[Data provided — start]
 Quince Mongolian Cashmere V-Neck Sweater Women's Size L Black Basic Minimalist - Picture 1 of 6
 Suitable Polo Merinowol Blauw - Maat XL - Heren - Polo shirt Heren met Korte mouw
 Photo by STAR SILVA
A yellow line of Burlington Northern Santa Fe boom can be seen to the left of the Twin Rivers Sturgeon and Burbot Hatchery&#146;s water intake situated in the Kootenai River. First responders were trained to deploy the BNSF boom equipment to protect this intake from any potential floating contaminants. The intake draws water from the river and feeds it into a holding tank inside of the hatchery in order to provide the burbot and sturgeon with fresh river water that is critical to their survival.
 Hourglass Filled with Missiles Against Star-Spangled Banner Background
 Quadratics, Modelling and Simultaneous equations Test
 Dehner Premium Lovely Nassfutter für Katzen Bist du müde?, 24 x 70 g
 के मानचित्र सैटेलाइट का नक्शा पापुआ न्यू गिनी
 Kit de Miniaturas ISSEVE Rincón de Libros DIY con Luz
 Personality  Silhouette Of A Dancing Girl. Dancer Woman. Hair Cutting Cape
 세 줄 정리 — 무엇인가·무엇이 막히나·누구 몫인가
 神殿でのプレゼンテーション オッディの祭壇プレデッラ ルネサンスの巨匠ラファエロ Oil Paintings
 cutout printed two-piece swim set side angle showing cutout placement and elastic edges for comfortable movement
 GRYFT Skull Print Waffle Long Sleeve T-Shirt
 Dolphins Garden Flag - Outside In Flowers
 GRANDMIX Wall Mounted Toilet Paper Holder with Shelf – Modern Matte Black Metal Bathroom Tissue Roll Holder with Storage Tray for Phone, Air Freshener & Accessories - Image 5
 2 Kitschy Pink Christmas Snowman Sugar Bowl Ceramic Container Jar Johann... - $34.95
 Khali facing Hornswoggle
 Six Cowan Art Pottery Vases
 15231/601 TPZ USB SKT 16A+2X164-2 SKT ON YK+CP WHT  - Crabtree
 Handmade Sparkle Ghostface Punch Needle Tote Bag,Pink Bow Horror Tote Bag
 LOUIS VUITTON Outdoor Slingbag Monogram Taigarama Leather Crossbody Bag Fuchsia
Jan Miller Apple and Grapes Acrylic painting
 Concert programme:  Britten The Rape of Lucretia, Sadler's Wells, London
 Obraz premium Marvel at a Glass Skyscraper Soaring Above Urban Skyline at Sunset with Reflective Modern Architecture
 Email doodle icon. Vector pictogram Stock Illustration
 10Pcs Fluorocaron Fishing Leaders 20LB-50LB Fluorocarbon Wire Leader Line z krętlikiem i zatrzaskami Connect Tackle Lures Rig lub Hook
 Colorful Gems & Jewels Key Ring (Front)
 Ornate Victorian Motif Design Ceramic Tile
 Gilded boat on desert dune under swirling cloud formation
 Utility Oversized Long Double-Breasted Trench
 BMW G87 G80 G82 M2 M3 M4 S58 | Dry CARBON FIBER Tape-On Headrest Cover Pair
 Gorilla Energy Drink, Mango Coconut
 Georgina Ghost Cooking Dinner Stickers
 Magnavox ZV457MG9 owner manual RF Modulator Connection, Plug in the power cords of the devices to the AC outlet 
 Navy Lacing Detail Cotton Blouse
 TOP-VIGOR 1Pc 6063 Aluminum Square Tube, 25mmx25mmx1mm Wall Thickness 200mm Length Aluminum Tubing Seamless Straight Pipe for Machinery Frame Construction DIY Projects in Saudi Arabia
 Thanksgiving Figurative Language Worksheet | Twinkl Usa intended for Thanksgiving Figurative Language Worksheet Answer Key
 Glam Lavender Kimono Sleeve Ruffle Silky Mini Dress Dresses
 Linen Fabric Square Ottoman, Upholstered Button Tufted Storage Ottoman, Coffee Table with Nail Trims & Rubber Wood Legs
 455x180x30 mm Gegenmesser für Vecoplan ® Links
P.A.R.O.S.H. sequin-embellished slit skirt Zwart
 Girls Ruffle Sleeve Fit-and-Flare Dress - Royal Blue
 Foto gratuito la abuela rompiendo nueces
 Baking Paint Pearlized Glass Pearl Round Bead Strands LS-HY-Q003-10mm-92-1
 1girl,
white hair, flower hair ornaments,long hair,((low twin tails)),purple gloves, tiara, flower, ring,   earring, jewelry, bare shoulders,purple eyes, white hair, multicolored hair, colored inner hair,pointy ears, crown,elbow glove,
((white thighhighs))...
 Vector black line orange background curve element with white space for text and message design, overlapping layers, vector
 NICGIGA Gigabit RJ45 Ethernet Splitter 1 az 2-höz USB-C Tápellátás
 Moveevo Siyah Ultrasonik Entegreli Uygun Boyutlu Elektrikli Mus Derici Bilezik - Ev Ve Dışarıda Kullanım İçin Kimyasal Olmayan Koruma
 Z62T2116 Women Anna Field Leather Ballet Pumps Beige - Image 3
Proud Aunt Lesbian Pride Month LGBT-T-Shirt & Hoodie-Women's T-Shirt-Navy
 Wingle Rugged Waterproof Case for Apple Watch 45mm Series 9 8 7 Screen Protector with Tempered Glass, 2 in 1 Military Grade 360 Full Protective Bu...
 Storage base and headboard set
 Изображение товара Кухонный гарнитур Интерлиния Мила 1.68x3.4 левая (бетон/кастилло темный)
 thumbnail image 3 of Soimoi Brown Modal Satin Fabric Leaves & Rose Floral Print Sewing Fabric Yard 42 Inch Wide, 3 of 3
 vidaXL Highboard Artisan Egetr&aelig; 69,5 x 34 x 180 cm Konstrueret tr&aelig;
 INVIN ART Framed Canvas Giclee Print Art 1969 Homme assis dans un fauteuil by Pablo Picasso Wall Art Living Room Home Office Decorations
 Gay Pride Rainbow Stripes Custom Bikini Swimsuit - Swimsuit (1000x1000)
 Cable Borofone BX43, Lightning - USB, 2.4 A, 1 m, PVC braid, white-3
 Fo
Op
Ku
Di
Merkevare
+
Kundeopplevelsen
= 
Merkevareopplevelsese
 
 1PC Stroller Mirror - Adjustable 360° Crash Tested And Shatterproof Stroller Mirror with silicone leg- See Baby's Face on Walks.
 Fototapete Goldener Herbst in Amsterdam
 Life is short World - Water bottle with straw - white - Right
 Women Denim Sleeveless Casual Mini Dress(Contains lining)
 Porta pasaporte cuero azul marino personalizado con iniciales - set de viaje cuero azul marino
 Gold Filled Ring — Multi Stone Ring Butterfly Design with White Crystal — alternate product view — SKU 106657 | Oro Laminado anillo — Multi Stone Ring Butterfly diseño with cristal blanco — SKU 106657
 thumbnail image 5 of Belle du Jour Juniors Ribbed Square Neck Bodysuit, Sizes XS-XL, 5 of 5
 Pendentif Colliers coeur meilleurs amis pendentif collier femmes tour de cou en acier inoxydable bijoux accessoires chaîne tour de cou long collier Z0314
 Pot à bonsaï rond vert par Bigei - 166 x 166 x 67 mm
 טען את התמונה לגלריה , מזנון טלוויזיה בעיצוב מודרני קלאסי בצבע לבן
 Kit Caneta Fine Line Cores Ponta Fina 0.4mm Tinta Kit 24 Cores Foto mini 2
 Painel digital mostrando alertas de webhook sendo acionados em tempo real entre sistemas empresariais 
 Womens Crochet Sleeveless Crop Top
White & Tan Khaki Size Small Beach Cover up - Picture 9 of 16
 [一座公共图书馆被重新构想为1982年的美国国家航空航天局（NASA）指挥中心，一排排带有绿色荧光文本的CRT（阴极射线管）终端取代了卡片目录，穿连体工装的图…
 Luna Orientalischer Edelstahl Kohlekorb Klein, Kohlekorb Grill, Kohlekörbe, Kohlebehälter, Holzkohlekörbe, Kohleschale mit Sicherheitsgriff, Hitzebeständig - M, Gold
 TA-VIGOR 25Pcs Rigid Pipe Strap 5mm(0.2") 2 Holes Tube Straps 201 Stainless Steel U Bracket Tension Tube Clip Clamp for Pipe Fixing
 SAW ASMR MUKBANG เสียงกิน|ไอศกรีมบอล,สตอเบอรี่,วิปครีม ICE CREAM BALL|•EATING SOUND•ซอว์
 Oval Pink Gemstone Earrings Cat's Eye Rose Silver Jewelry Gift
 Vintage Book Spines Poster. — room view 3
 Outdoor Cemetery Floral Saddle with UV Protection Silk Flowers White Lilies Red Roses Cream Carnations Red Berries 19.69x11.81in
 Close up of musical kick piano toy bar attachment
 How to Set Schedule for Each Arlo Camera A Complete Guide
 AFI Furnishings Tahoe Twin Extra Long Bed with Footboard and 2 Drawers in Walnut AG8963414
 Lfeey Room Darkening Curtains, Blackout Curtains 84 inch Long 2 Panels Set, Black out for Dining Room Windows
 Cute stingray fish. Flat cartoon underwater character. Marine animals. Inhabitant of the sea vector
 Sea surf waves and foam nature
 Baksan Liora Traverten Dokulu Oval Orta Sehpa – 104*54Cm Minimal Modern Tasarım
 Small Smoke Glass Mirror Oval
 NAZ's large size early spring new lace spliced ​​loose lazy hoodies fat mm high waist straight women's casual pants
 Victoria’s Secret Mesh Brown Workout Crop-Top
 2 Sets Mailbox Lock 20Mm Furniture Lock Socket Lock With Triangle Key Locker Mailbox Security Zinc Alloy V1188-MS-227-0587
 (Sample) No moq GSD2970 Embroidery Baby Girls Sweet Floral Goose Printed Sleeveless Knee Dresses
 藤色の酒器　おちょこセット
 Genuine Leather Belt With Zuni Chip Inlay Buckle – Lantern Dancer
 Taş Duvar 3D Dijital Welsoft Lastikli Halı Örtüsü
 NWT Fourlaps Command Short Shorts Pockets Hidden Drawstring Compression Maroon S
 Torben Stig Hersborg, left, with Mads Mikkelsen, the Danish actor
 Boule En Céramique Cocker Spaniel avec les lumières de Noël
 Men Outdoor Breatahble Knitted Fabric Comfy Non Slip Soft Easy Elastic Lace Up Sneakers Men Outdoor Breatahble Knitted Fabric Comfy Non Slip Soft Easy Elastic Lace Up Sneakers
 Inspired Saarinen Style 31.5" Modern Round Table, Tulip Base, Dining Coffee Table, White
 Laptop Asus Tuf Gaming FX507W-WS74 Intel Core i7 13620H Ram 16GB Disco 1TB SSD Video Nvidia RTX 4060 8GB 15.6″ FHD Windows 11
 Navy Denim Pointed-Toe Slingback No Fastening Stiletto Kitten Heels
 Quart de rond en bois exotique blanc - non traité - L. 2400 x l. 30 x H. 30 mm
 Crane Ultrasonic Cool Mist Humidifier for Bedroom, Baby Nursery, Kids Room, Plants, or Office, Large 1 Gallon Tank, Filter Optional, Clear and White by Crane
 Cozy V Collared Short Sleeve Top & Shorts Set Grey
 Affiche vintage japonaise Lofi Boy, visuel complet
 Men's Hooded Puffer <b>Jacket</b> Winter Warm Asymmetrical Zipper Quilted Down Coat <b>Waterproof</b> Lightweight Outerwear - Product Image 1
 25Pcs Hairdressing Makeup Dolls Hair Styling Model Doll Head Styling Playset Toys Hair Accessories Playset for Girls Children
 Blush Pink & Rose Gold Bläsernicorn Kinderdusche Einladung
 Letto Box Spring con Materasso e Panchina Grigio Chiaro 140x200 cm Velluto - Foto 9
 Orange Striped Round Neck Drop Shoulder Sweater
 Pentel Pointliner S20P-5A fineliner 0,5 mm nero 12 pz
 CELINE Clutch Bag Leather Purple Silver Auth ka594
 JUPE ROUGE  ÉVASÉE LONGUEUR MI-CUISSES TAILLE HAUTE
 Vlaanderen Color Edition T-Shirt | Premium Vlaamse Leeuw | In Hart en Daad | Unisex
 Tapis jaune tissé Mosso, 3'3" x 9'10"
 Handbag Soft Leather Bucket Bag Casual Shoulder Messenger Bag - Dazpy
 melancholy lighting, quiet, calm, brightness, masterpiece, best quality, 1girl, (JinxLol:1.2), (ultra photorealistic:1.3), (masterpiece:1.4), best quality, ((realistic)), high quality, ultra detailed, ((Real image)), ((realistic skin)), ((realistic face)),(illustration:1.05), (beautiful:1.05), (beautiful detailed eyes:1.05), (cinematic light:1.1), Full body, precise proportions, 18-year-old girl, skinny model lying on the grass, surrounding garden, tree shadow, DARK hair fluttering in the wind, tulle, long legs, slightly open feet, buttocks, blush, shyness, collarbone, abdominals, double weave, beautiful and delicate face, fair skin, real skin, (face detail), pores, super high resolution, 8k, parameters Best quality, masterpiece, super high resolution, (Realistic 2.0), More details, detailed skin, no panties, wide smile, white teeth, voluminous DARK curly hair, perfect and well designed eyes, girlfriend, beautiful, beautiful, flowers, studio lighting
[Data provided — finish]
Work instructions - Could you restate word for word the lines above, from the one that contains "GRANDMIX Wall Mounted" through the one that contains "15231/601 TPZ USB", and no others?

Output of the task -
 GRANDMIX Wall Mounted Toilet Paper Holder with Shelf – Modern Matte Black Metal Bathroom Tissue Roll Holder with Storage Tray for Phone, Air Freshener & Accessories - Image 5
 2 Kitschy Pink Christmas Snowman Sugar Bowl Ceramic Container Jar Johann... - $34.95
 Khali facing Hornswoggle
 Six Cowan Art Pottery Vases
 15231/601 TPZ USB SKT 16A+2X164-2 SKT ON YK+CP WHT  - Crabtree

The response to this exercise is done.